# Lab 07: RAG Implementation


**AI Demystified: Decoding Models, Compute, and Connectivity**


Welcome! In this lab you will explore **Retrieval Augmented Generation (RAG)**. It is a simple but powerful approach where documents are stored as embeddings, the **most relevant ones** are retrieved for a query, and a language model uses them to generate an answer..

We will:
- Encode a few knowledge base documents as embeddings
- Build a FAISS index for retrieval
- Ask a query, retrieve top documents, and use them as context
- Generate an answer with FLAN-T5

Each cell has only one statement and a brief comment.

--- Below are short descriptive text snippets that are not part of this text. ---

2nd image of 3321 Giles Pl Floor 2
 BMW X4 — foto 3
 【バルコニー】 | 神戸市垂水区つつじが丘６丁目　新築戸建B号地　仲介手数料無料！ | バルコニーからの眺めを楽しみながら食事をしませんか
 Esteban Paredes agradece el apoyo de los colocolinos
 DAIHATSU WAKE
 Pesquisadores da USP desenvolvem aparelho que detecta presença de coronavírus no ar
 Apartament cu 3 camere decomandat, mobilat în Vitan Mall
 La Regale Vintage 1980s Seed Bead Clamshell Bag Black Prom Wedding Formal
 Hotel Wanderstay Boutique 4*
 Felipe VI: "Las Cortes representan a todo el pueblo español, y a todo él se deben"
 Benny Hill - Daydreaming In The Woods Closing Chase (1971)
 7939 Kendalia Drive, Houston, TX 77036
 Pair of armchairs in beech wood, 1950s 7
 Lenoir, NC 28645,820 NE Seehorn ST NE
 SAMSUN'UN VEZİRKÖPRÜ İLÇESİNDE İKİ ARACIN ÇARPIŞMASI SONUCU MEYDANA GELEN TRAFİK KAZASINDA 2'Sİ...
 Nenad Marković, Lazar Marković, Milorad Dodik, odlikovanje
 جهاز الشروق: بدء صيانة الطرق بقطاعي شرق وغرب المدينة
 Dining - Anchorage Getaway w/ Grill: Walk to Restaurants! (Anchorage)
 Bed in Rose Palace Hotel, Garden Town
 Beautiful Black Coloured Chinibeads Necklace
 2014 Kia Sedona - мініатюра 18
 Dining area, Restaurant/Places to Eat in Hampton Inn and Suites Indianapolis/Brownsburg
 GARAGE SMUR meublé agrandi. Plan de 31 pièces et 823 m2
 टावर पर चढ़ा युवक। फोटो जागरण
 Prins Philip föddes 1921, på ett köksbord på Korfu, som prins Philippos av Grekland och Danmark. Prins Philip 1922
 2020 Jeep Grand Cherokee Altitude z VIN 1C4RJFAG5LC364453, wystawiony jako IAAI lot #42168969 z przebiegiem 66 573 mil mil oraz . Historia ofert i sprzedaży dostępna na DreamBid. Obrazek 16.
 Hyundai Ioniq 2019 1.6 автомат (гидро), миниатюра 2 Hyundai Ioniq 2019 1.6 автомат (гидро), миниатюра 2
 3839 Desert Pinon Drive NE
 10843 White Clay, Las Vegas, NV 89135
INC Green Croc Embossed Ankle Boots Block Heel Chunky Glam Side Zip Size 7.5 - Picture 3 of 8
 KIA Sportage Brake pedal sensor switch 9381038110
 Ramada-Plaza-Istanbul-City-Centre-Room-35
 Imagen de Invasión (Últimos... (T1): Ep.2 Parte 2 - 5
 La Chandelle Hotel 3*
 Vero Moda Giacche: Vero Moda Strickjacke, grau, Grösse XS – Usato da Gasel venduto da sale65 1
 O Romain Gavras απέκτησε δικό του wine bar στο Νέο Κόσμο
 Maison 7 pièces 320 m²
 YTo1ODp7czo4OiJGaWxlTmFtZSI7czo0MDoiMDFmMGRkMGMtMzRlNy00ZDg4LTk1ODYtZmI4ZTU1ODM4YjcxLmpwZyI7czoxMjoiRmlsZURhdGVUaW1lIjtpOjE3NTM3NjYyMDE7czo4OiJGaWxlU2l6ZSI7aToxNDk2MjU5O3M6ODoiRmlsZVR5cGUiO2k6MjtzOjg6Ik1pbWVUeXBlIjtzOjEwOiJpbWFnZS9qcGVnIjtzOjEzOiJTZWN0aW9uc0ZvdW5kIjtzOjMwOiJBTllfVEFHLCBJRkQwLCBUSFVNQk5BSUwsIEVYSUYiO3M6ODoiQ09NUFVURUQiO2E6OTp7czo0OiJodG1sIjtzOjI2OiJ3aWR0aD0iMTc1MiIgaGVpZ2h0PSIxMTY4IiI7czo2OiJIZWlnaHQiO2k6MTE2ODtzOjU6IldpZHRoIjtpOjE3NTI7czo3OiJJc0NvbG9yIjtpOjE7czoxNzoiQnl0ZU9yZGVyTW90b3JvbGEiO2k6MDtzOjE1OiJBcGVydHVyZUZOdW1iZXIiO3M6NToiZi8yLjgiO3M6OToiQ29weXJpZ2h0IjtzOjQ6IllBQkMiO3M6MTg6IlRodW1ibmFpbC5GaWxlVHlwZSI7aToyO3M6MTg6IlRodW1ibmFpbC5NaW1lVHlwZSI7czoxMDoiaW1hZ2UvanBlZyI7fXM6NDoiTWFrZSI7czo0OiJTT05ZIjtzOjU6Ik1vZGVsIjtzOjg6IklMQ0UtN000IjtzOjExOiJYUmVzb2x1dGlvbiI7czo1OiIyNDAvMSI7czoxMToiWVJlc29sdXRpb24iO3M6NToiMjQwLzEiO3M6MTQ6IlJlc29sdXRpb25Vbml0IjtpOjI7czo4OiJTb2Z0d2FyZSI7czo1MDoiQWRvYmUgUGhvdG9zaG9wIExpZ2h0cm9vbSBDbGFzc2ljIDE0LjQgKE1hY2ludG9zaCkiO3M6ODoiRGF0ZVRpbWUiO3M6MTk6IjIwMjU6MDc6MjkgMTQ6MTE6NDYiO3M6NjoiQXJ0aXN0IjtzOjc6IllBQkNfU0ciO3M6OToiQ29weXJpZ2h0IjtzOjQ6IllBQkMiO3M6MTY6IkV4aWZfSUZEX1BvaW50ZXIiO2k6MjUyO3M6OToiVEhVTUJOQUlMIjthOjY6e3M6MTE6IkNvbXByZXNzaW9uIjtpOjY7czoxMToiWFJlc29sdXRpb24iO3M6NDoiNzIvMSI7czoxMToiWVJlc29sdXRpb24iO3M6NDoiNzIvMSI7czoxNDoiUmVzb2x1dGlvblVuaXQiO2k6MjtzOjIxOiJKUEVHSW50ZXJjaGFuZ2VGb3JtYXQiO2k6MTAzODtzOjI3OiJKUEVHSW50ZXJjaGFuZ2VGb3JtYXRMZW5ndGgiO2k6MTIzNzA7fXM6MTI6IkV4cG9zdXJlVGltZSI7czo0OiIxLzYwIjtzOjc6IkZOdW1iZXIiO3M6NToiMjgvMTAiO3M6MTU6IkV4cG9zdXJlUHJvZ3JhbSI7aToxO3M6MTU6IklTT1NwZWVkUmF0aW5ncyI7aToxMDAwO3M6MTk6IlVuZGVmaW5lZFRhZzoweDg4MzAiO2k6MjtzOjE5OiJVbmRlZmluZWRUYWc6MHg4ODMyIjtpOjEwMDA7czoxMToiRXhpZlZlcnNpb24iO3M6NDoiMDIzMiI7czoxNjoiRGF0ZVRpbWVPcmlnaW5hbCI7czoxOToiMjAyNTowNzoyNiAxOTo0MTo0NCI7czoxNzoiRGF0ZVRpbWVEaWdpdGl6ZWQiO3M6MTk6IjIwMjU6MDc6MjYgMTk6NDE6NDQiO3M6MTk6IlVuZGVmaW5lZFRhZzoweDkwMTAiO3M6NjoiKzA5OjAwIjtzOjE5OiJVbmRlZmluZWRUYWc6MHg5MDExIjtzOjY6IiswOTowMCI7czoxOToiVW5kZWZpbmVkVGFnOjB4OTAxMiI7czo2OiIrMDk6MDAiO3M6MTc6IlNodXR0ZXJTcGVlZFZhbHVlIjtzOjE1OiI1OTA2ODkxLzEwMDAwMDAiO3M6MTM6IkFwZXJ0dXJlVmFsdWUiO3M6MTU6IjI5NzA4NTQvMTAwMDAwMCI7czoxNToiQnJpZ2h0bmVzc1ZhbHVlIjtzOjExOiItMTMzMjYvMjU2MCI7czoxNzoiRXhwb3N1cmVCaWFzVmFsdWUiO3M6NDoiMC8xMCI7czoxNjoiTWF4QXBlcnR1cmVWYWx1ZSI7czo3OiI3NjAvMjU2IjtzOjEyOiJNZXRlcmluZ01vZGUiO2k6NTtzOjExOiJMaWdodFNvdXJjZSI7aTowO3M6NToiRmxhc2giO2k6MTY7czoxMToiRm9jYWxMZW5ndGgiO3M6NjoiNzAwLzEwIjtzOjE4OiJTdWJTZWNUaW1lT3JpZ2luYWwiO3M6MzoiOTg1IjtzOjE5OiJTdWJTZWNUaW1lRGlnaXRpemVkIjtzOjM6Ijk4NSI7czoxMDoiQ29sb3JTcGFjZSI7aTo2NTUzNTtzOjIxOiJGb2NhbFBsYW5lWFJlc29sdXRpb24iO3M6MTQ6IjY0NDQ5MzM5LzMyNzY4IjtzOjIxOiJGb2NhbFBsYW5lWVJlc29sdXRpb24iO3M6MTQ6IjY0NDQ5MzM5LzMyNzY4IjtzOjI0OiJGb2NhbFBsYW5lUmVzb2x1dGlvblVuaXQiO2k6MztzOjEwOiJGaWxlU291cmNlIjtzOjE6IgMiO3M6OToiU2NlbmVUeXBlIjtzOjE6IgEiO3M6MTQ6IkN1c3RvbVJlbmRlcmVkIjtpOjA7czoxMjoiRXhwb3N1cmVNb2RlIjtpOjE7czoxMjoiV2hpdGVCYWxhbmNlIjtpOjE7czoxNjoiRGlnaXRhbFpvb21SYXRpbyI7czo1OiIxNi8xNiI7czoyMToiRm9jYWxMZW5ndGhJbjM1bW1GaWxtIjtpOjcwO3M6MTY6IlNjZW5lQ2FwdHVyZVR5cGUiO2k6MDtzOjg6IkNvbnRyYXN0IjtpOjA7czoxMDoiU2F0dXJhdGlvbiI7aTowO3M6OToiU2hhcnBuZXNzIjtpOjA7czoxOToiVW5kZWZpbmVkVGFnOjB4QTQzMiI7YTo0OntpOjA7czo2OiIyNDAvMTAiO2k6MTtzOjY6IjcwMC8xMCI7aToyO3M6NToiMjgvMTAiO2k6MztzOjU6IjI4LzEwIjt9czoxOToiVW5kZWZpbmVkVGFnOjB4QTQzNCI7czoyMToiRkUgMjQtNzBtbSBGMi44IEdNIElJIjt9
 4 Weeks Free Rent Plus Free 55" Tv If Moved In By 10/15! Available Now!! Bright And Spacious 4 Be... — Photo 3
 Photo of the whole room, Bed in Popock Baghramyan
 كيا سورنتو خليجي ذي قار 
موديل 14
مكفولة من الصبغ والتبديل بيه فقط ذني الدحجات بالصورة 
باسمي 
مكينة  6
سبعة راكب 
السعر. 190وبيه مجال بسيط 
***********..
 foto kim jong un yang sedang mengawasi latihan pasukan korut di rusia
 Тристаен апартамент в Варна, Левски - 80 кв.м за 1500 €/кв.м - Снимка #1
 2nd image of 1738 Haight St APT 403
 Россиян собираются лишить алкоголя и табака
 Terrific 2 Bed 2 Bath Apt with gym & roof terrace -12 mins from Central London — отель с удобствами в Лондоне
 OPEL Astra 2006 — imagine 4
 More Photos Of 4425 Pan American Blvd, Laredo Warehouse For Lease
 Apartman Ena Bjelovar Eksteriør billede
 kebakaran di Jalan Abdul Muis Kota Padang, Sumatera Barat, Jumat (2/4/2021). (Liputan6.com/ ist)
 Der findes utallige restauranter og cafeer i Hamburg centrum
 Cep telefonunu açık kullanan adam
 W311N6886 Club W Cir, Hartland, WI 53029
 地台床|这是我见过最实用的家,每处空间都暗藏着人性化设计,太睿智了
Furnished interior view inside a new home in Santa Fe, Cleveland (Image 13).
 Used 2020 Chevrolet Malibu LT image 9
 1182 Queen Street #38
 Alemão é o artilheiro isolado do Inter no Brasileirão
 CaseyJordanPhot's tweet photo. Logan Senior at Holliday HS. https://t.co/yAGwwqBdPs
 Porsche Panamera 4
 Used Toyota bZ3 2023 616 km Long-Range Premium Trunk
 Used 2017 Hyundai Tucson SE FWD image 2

## Step 1: Install dependencies

In [73]:
!pip -q install sentence-transformers faiss-cpu transformers torch scikit-learn  # install required libraries

## Step 2: Imports

In [74]:
from sentence_transformers import SentenceTransformer  # embedding model

In [75]:
import faiss  # vector index

In [76]:
from transformers import AutoTokenizer, AutoModelForSeq2SeqLM  # flan-t5 model

## Step 3: Knowledge base

In [147]:
docs = ["The AI Demystified class is scheduled on the 12th of September 2025.",
        "The capital of India is New Delhi.",
        "The class location is Cisco office, Mumbai.",
        "The instructor is Jagdish Madhavan."]  # small KB

## Step 4: Embedding model

In [148]:
embedder = SentenceTransformer("all-MiniLM-L6-v2")  # load sentence-transformer

## Step 5: Encode documents

In [149]:
doc_embeddings = embedder.encode(docs)  # vectorize docs

## Step 6: Build FAISS index

In [150]:
index = faiss.IndexFlatL2(doc_embeddings.shape[1])  # index with L2 distance

In [151]:
index.add(doc_embeddings)  # add doc vectors

## Step 7: Load FLAN-T5 model

In [152]:
tokenizer = AutoTokenizer.from_pretrained("google/flan-t5-base")  # tokenizer

In [153]:
model = AutoModelForSeq2SeqLM.from_pretrained("google/flan-t5-base")  # seq2seq model

## Step 8: Ask a question

In [154]:
query = "When is the AI Demystified class?"  # user query

In [155]:
query_vec = embedder.encode([query])  # embed query

In [156]:
scores, idxs = index.search(query_vec, k=3)  # retrieve top 3 docs

In [157]:
print(scores)

[[0.4283187 1.5005453 1.520394 ]]


In [158]:
print(idxs)

[[0 2 3]]


In [159]:
retrieved = [docs[i] for i in idxs[0]]  # fetch retrieved docs

In [160]:
print(retrieved)

['The AI Demystified class is scheduled on the 12th of September 2025.', 'The class location is Cisco office, Mumbai.', 'The instructor is Jagdish Madhavan.']


## Step 9: Build prompt

In [161]:
context = " ".join(retrieved)  # join retrieved docs

In [162]:
prompt = f"Answer the question based on the following notes: {context}. Question: {query}. After giving the fact, add one short helpful suggestion or related remark."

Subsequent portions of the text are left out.